Thread
#prefect-community
    m

    Michiel Verburg

    3 months ago
    I thought I got the gist of subflows, but as I read the docs (concepts specifically: https://orion-docs.prefect.io/concepts/flows/#subflows) I am starting to think I am wrong again. So the use case is the following:
    @task
    def for_loop_B(category):
      for item_i in category.items:
         load_item(item_i)
         store_item(item_i)
    
    @flow
    def for_loop_A()
      categories = retrieve_all_categories()
      for category_i in categories:
        for_loop_B(category_i)
    Doing the above seemed wrong, because also (by default at least) tasks or flows would fail just because one internal step failed.
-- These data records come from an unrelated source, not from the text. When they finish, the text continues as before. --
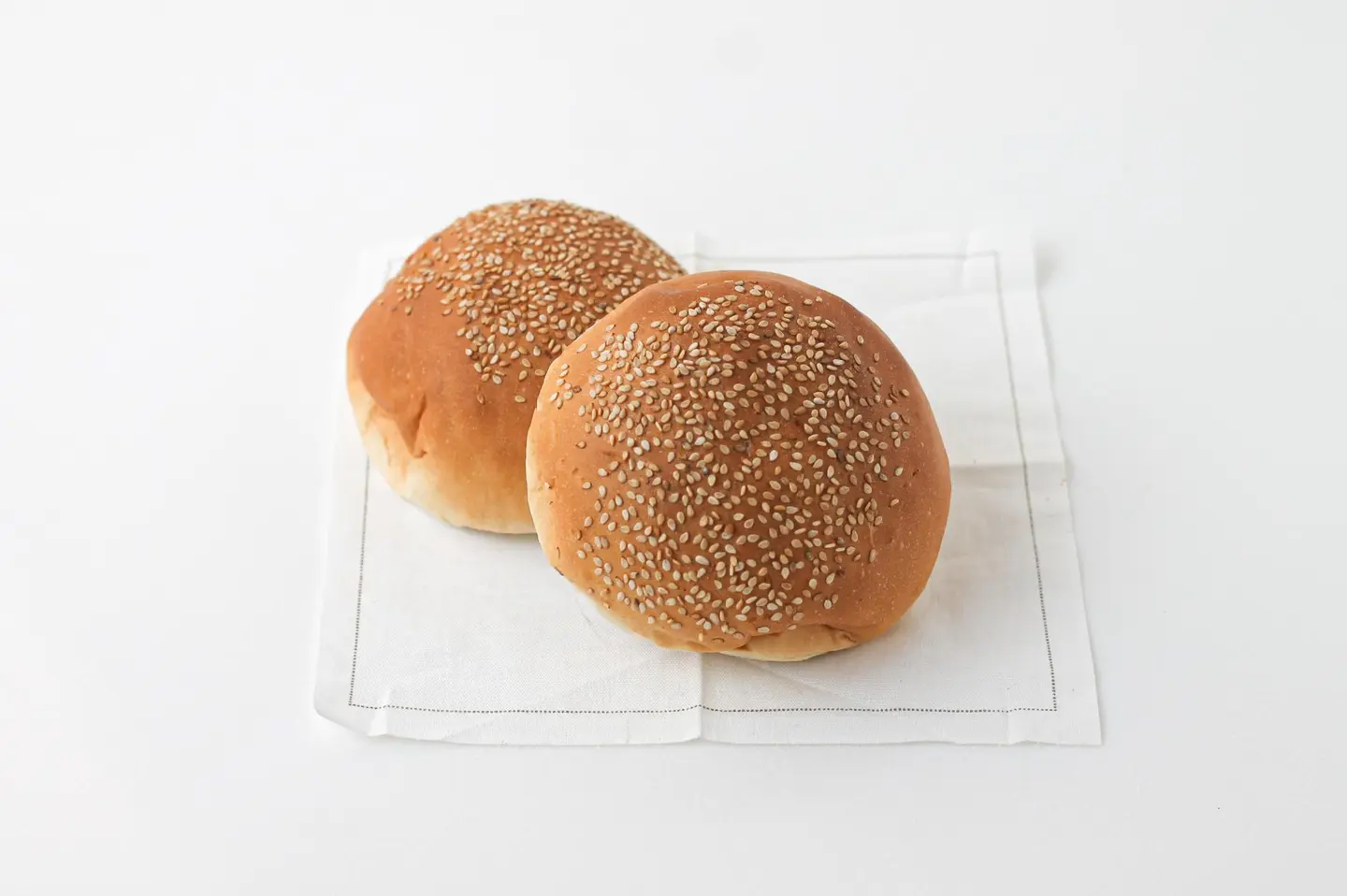 كيس برجر ابيض سمسم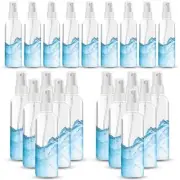 50PCS 4oz/120ml Small Spray Bottle, Clear Fine Mist Spray Bottle 50PCS-120ML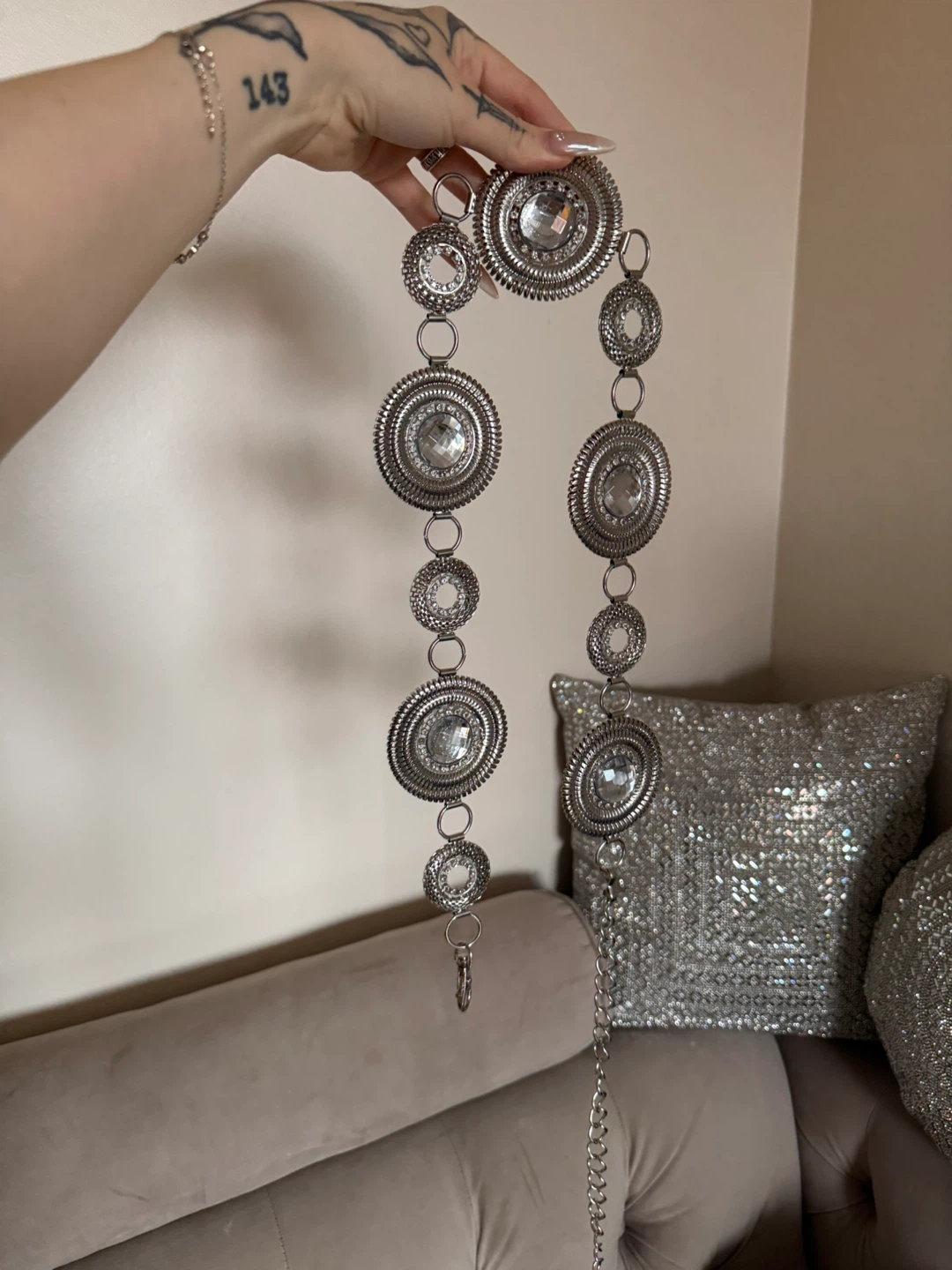 Silver Fashion Belt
Additionally, the processing of the categories is fully independent. So I thought,
    for_loop_B
    should also be a flow, and
    load_item
    and
    store_item
    should be tasks for example. However, I got confused because of what the docs mention: “Unlike tasks, subflows will block until completion with all task runners.“. I want the processing of items within a category to happen sequentially, but multiple categories can be processed in parallel, how can I make that happen? Also, can tasks be nested within tasks for that matter?
    Anna Geller

    Anna Geller

    3 months ago
    Tasks cannot have tasks, but it can have custom non-task functions being called inside
    I want the processing of items within a category to happen sequentially, but multiple categories can be processed in parallel, how can I make that happen?
    You could try those two options:1. the single category processing can be a subflow with SequentialTaskRunner, and then your main flow can run subflows concurrently 2. You could call your categories with concurrent task runner, and each category can have no for loop, only calling things that need to be processed sequentially one by one (only with a for loop Prefect would try to run things in parallel/concurrently)
    m

    Michiel Verburg

    3 months ago
    So since in my case the subflows are dynamic, would I write a flow with a for-loop, maintain a parallel_subflowslist variable and add the subflows to there, and then after the for-loop do the
    *await* asyncio.gather(*parallel_subflows)
    ? And, currently I also still need to put
    async
    in front of the subflows then correct?
    Anna Geller

    Anna Geller

    3 months ago
    correct, for now running subflows in parallel only work with async
    correct, for now running subflows in parallel only works with async
    m

    Michiel Verburg

    3 months ago
    Actually, I realize I am being a little silly here, but so now I want to then double check:
    @task
    def for_loop_B(category):
      for item_i in category.items:
         load_item(item_i)
         store_item(item_i)
    
    @flow(task_runner=ConcurrentTaskRunner())
    def for_loop_A()
      categories = retrieve_all_categories()
      for category_i in categories:
        for_loop_B(category_i)
    Does the above not actually achieve what I want? (It is so easy if it is, that’s why I am calling myself silly xD, and is that also what you meant with your second bulletpoint?) Because, in the above case, the flow runs the tasks (i.e. categories) concurrently, but for category, the steps are executed sequentially then? Or what is the default behavior for code inside a task, because I could not find that anywhere. Because I guess I confused myself as well with the TaskRunner and FlowRunner stuff, thinking TaskRunner would be specified on the task for some silly reason.
    Hi @Anna Geller, I was wondering if the above was correct what I said?
    Anna Geller

    Anna Geller

    2 months ago
    there is no parallelism within a task itself - the task runner interface can execute task runs concurrently but this is something that you can configure on a flow level for tasks called within that flow - does it answer your question @Michiel Verburg?
    • flow runner decides how to deploy/execute your flow • task runner decides how to execute your tasks
    m

    Michiel Verburg

    2 months ago
    Yeah that answers my question indeed, thanks!